[Image-text web data]
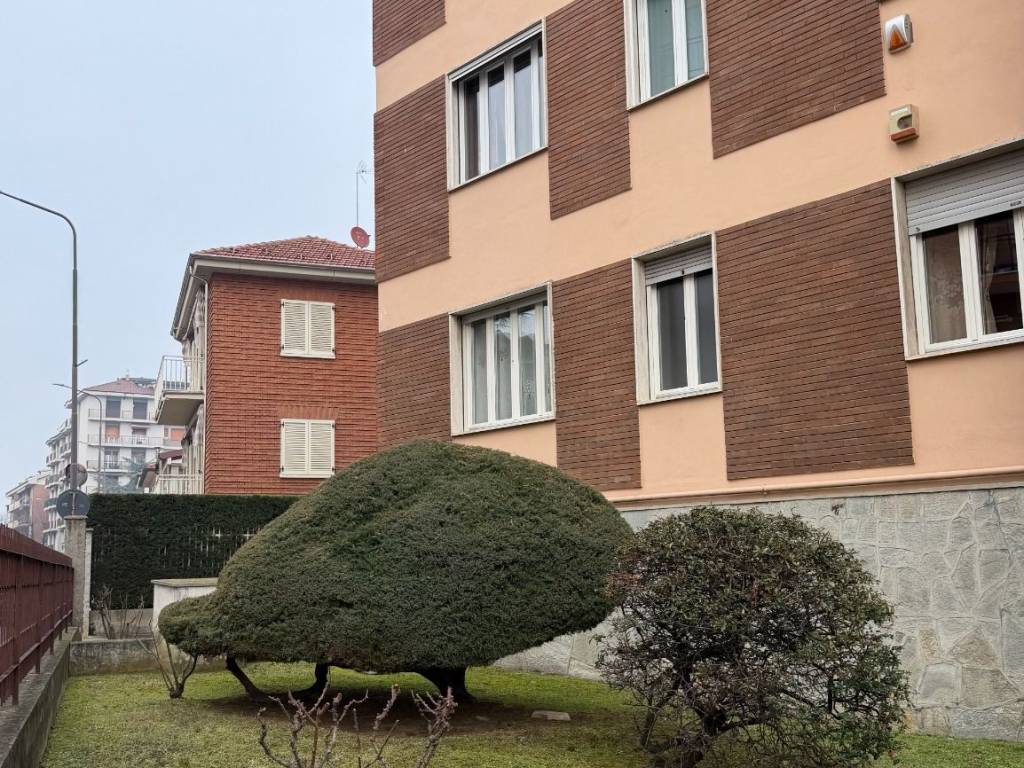 Appartamento a Asti in Via Nicola Brovardi, 55 - Foto 2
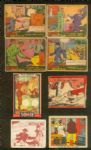 1930s Non-Sports lot and a few others.....nice condition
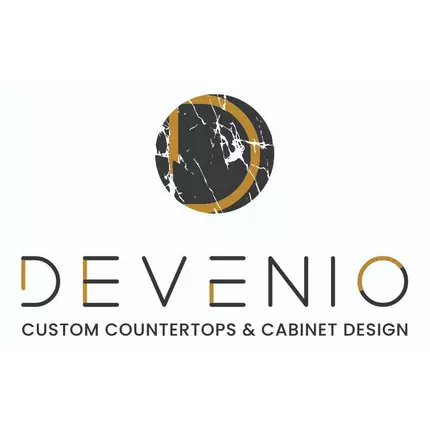 Logotipo de Devenio Customs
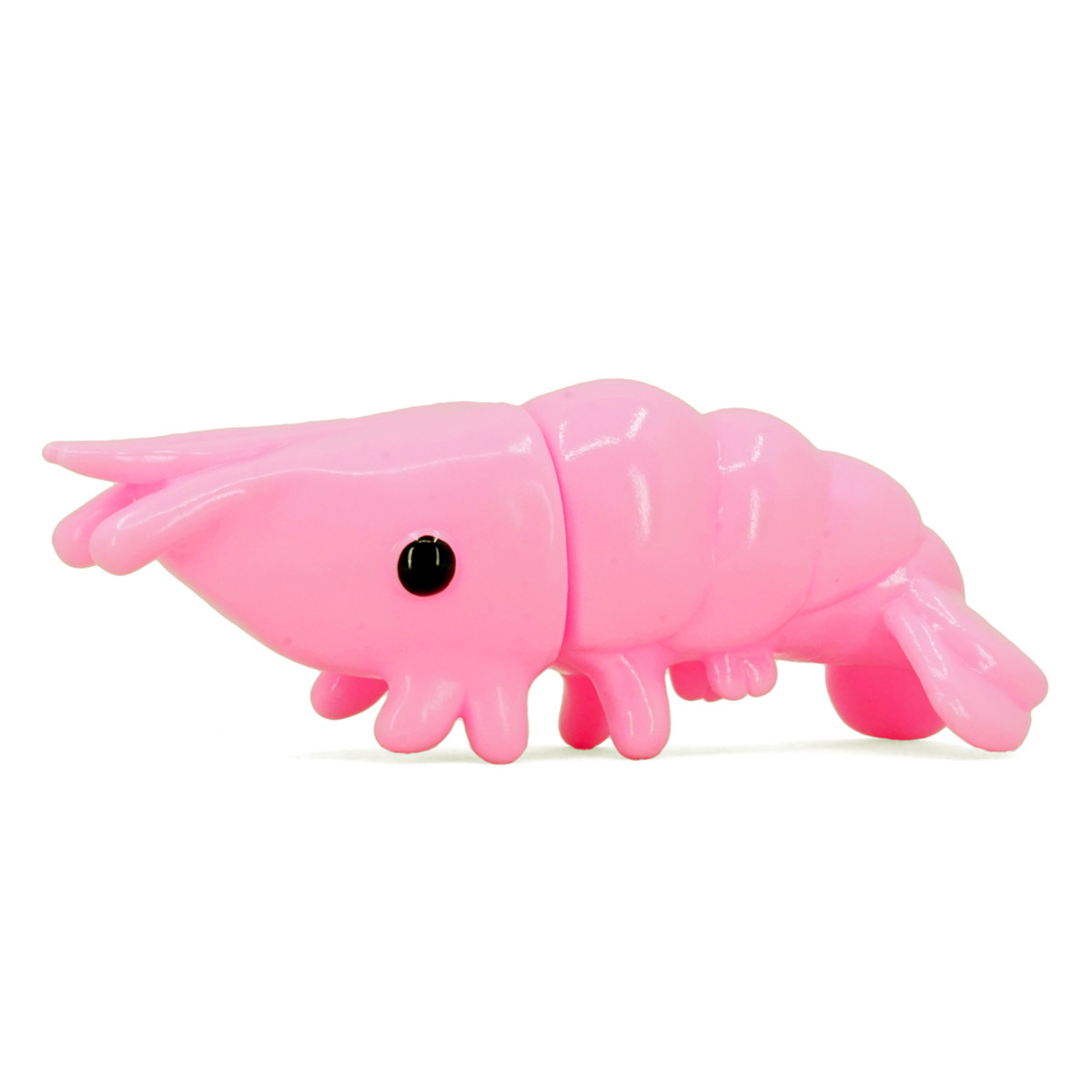 plastic toy shrimp, plastic toy shrimp Suppliers and Manufacturers at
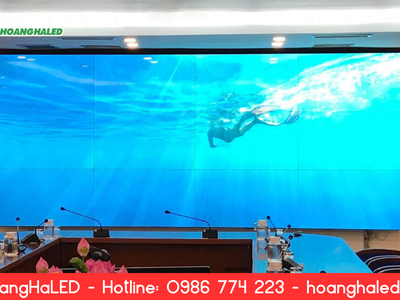 Màn Hình LED Không Viền   Xu Hướng Hiển Thị Cao Cấp 2025 1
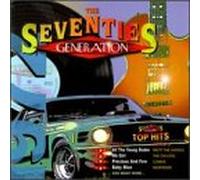 Various Artists - Seventies Generation: 1972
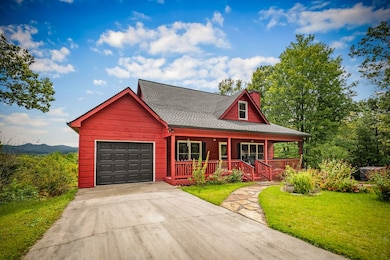 132 Newberry Dr, Ellijay, GA 30536 - photo 5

### Work to be completed
Copy the records word for word, leaving no picture in the copy.

### Exercise result
 Appartamento a Asti in Via Nicola Brovardi, 55 - Foto 2
 1930s Non-Sports lot and a few others.....nice condition
 Logotipo de Devenio Customs
 plastic toy shrimp, plastic toy shrimp Suppliers and Manufacturers at
 Màn Hình LED Không Viền   Xu Hướng Hiển Thị Cao Cấp 2025 1
 Various Artists - Seventies Generation: 1972
 132 Newberry Dr, Ellijay, GA 30536 - photo 5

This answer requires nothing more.